## Exercise prompt:
From the data that follows, print exactly the lines starting at the one containing "Little Bird by" and ending at the one containing "Goldene geometrische Kreise"; include both of them and nothing more.
======== Data extract
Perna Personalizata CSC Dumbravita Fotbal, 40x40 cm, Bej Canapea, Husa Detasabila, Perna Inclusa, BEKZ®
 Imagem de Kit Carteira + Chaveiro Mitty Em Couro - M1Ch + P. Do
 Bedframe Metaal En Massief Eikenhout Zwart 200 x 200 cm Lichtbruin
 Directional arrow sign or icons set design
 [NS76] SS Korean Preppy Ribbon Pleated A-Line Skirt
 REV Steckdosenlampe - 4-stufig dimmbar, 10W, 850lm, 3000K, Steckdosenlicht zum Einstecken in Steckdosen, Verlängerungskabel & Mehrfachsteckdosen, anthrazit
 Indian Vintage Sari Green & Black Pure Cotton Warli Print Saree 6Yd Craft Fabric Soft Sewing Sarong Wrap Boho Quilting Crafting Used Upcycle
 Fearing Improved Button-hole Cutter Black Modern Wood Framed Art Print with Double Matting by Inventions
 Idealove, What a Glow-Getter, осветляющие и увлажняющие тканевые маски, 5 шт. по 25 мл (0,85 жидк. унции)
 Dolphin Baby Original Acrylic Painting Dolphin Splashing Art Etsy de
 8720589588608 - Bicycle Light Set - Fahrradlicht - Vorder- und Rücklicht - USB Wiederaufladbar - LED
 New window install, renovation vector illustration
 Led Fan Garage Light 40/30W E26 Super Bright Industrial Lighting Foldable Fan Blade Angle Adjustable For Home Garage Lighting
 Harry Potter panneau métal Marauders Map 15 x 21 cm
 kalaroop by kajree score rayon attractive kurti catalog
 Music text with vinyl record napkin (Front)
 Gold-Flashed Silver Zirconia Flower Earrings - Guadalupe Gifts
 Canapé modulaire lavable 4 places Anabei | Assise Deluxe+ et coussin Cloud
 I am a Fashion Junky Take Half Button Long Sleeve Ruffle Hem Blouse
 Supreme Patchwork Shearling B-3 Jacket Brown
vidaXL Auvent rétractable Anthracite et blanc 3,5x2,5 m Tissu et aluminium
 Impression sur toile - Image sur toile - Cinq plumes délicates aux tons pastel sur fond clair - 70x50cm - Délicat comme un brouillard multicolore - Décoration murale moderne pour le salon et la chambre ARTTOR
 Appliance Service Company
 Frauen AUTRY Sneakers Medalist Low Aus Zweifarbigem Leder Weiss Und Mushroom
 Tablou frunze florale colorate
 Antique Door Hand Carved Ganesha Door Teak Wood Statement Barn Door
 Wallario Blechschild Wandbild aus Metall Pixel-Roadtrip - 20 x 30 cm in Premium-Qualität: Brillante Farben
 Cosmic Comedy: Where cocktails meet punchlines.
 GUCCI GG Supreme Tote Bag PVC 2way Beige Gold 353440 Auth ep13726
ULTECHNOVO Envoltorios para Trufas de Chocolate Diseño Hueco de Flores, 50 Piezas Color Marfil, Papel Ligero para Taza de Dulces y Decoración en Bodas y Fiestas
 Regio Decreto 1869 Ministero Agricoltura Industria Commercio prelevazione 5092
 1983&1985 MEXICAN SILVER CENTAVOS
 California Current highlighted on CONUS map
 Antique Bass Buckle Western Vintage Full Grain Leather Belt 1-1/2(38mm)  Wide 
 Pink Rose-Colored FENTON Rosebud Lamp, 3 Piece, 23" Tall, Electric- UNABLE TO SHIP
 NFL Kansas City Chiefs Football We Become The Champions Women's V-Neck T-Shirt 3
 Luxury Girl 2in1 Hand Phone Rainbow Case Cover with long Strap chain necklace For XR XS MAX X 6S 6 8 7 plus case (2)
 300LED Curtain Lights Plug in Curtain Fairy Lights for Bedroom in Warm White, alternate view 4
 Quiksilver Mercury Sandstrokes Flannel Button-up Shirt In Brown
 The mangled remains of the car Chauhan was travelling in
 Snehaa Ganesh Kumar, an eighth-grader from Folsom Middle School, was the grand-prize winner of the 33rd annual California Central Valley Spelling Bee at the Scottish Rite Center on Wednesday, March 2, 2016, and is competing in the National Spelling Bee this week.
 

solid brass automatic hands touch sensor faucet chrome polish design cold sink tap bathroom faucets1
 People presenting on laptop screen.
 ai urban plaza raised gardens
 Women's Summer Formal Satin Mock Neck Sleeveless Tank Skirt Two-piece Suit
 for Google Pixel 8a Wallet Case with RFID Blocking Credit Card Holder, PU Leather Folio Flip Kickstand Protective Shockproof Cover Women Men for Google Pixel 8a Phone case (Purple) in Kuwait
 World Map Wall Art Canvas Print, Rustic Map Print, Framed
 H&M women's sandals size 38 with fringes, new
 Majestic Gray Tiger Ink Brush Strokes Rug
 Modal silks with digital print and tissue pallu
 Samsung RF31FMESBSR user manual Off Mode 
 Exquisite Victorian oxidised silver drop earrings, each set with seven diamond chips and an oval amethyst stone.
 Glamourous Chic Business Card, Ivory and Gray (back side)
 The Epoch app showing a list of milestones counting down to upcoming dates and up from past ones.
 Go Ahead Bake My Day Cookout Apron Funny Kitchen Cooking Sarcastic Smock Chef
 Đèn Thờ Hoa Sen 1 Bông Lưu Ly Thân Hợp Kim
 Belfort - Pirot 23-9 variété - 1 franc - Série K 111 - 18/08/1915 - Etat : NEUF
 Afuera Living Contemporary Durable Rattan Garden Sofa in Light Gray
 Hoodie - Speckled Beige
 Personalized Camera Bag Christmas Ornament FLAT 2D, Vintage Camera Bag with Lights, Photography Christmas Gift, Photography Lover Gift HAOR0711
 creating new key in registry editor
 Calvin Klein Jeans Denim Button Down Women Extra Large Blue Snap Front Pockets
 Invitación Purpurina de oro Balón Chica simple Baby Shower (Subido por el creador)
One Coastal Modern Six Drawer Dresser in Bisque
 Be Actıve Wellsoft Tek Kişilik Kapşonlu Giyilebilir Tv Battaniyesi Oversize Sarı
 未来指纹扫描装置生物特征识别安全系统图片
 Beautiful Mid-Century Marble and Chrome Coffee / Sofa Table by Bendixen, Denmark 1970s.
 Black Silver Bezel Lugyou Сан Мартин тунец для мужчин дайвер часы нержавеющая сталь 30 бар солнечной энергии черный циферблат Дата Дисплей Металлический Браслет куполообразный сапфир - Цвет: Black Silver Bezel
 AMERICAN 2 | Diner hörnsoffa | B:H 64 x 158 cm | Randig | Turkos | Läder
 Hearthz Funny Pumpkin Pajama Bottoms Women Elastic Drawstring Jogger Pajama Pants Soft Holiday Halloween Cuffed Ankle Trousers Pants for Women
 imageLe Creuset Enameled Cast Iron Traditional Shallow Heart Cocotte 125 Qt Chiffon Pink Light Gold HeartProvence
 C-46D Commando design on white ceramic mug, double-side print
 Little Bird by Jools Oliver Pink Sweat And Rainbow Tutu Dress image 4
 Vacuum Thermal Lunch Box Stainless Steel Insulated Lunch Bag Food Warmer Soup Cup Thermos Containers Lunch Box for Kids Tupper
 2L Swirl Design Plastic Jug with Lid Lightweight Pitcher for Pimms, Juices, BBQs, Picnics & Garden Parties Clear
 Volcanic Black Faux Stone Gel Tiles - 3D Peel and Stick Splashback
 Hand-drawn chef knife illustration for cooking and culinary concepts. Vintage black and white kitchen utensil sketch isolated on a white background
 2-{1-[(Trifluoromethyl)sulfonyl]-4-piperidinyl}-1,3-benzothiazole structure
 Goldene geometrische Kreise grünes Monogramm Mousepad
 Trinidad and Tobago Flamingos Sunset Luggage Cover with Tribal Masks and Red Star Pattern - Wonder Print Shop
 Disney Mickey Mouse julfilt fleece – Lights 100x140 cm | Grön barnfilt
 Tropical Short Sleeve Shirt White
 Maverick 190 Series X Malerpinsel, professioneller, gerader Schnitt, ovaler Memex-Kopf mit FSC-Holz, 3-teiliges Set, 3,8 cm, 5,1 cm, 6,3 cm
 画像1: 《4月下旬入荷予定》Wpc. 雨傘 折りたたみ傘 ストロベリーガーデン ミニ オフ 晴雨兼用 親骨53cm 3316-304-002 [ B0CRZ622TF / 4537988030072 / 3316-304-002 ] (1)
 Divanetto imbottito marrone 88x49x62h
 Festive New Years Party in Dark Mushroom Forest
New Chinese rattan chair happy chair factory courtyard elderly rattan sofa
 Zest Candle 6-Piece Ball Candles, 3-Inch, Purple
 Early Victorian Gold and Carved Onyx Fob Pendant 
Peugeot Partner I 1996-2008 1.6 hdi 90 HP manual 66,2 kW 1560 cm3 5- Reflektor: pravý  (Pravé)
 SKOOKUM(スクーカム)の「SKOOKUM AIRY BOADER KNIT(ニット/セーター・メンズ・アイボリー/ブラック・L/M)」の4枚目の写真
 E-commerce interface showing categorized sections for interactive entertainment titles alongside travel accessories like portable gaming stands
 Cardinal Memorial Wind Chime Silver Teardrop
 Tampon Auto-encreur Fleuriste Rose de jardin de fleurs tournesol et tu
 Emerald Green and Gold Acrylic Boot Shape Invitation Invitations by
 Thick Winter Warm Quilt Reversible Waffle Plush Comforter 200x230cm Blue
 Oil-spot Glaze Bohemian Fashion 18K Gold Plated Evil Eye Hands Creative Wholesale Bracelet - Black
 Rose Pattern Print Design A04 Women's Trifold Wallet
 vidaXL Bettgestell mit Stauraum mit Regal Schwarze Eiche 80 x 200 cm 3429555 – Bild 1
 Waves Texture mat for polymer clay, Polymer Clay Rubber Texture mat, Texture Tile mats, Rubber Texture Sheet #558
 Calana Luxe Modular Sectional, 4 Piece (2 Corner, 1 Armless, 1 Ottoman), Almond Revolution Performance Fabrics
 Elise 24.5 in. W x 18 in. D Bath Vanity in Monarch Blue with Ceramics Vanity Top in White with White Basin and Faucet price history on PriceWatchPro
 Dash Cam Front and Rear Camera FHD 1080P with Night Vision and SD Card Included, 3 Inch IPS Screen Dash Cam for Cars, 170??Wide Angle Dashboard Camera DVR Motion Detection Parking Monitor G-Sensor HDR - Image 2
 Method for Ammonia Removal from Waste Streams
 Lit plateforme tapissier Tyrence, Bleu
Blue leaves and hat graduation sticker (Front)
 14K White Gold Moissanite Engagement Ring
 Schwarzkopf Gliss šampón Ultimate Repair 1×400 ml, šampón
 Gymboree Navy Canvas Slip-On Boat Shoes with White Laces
================
## Exercise result:
 Little Bird by Jools Oliver Pink Sweat And Rainbow Tutu Dress image 4
 Vacuum Thermal Lunch Box Stainless Steel Insulated Lunch Bag Food Warmer Soup Cup Thermos Containers Lunch Box for Kids Tupper
 2L Swirl Design Plastic Jug with Lid Lightweight Pitcher for Pimms, Juices, BBQs, Picnics & Garden Parties Clear
 Volcanic Black Faux Stone Gel Tiles - 3D Peel and Stick Splashback
 Hand-drawn chef knife illustration for cooking and culinary concepts. Vintage black and white kitchen utensil sketch isolated on a white background
 2-{1-[(Trifluoromethyl)sulfonyl]-4-piperidinyl}-1,3-benzothiazole structure
 Goldene geometrische Kreise grünes Monogramm Mousepad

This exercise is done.